We have designed a cross-validation scheme which estimated the forecast skill of the NN models. For each lead time from 3 months to 18 months and for each given year from 1950 to 1997, data from a window of 5 years, starting from January of the given year, were withheld. Training pairs were composed from the remaining data. After the model was trained, 12 forecasts, initialized from 12 consecutive months starting from November of the year before the given year, were made. Then the 5-year window was moved forward by 12 months and the procedure was repeated. The choice of 5-year windows is for the balance of avoiding the influence of the training data on the test data and allowing an efficient use of the available data. The forecast target month is at least 24 months away from the training data that follow. The overlapping between the forecast input data and the training data is legitimate as it also happens in real time forecasting.
All the forecasts for a given lead time were collected to form a continued forecast NINO3.4 time series. The two panels of Fig.1 compare the forecast NINO3.4 at leadtimes 6 months and 12 months with the observed NINO3.4. The Correlation coefficients between the forecast and observed NINO3.4 were calculated as skills for each decade from 1950s to 1990s, and for the whole period as well. The results are listed in Table 1.

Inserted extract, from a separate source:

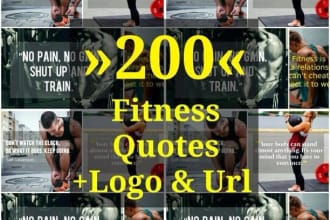 design 200 motivation fitness images quotes with your logo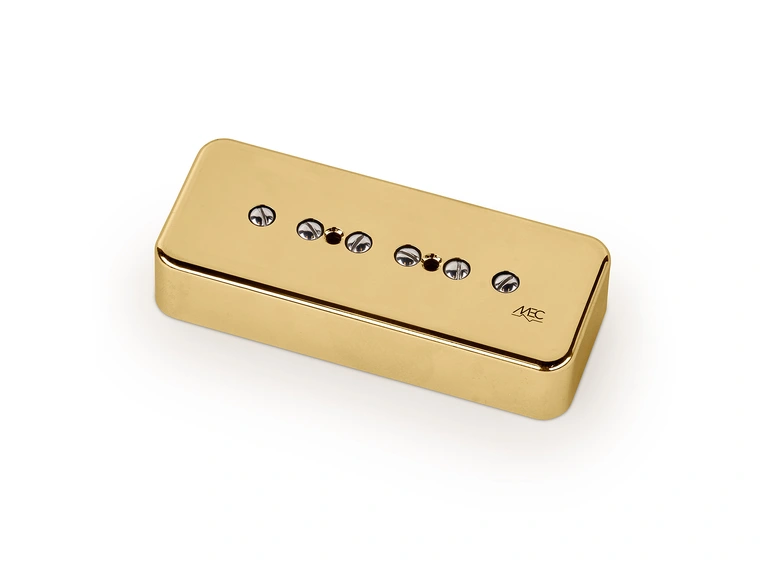 MEC Vintage P90 Soapbar Guitar Pickup, Bridge - Gold Cover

Fig. 2 shows the forecasts at leadtimes of 3, 6, 9, and 12 months, using data up to March 1998. The forecasts indicate that the current warm condition has peaked and will taper off in the coming months. The 9- and 12-month forecasts also indicate that a La Nina event (cold condition in the tropical Pacific) will come by the end of 1998.
Table 1. The test correlation skills for different test periods
|
Test Period |
3-month |
6-month |
9-month |
12-month |
15-month |
|
1950-59 |
0.77 |
0.54 |
0.40 |
0.36 |
0.06 |
|
1960-69 |
0.81 |
0.66 |
0.59 |
0.52 |
0.43 |
|
1970-79 |
0.92 |
0.78 |
0.71 |
0.66 |
0.52 |
|
1980-89 |
0.87 |
0.76 |
0.67 |
0.71 |
0.78 |
|
1990-97 |
0.88 |
0.71 |
0.53 |
0.53 |
0.53 |
|
1950-97 |
0.86 |
0.69 |
0.57 |
0.52 |
0.42 |
References:
Breiman, L., 1997: Bagging predictions. Machine Learning, in press. Available at ftp://stat.berkeley.edu/users/pub/breiman
Tang, B., 1995: Periods of linear development of the ENSO cycle and POP forecast experiments. J. Climate, 8, 682-691.
Tangang, F.T., W.W. Hsieh and B. Tang, 1997: Forecasting the equatorial Pacific sea surface temperatures by neural network models. Climate Dynamics, 13, 135-147.
Tangang, F.T., W.W. Hsieh and , B. Tang, 1997: Forecasting regional sea surface temperatures in the tropical Pacific by neural network models, with wind stress and sea level pressure as predictors, J. Geophys. Res., in press.
Tangang, F.T., B. Tang, W.W. Hsieh and A. Monahan, 1997: Forecasting ENSO events: a neural network approach, J. Climate, in press.
Woodruff, S.D., R.J. Slutz, R.L. Jenne, and P.M. Steurer, 1987: A comprehensive ocean-atmosphere data set. Bull. Am. Meteorol. Soc., 6, 1239-1250.
Figure captions
Figure 1. Output of the cross-validation forecasting experiments at leadtimes of 6 months and 12 months
Figure 2. Forecasts of the neural networks at 3, 6, 9, and 12 month leadtimes.